What is needed is an exact transcription of every entry below, with the pictures left out.

(Records Opens)

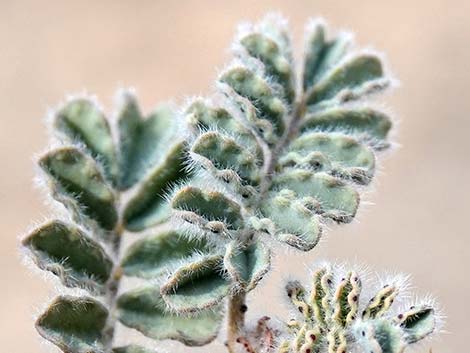 Soft Prairie Clover (Dalea mollissima)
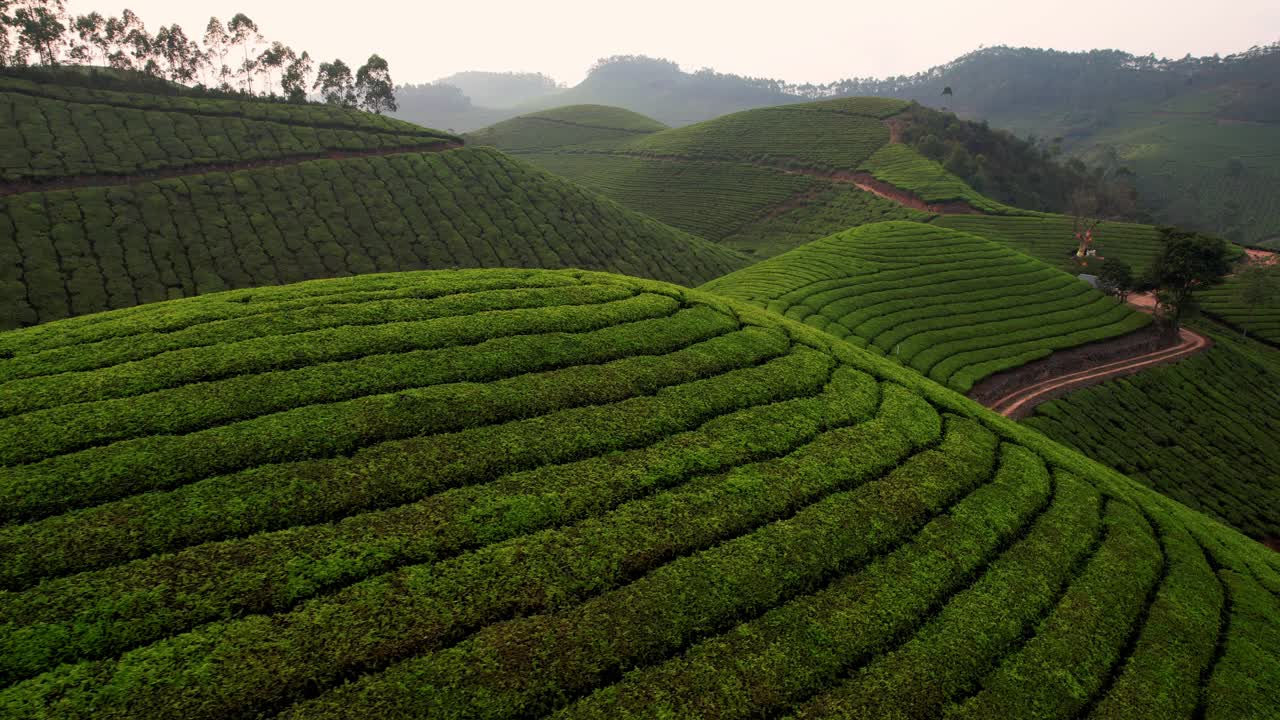 鸟瞰印度穆纳尔山上的茶园。绿茶梯田。茶叶种植。视频素材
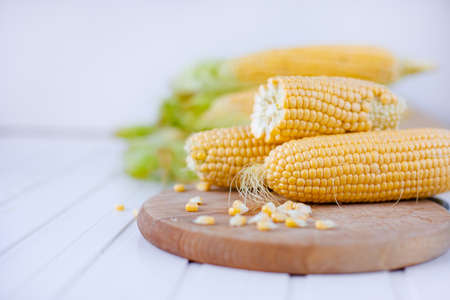 Group sweet corn on the table. Fresh corn on cobs on rustic wooden table, closeupの写真素材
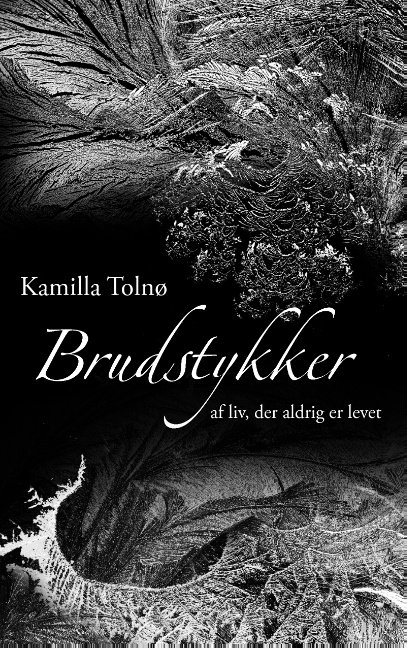 Brudstykker - Kamilla Tolnø - Books - Books on Demand - 9788771880694 - September 22, 2017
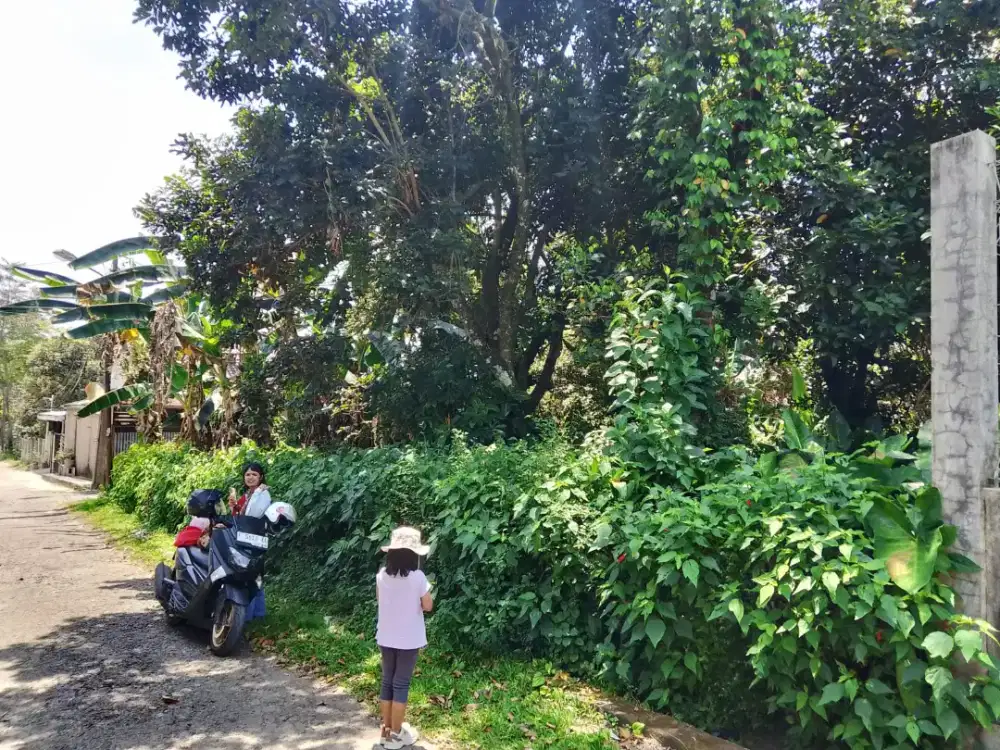 Dijual Tanah 300 Meter2 Kapling Walpres Ciapus Bogor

(Records Closes)

Answer section:
 Soft Prairie Clover (Dalea mollissima)
 鸟瞰印度穆纳尔山上的茶园。绿茶梯田。茶叶种植。视频素材
 Group sweet corn on the table. Fresh corn on cobs on rustic wooden table, closeupの写真素材
 Brudstykker - Kamilla Tolnø - Books - Books on Demand - 9788771880694 - September 22, 2017
 Dijual Tanah 300 Meter2 Kapling Walpres Ciapus Bogor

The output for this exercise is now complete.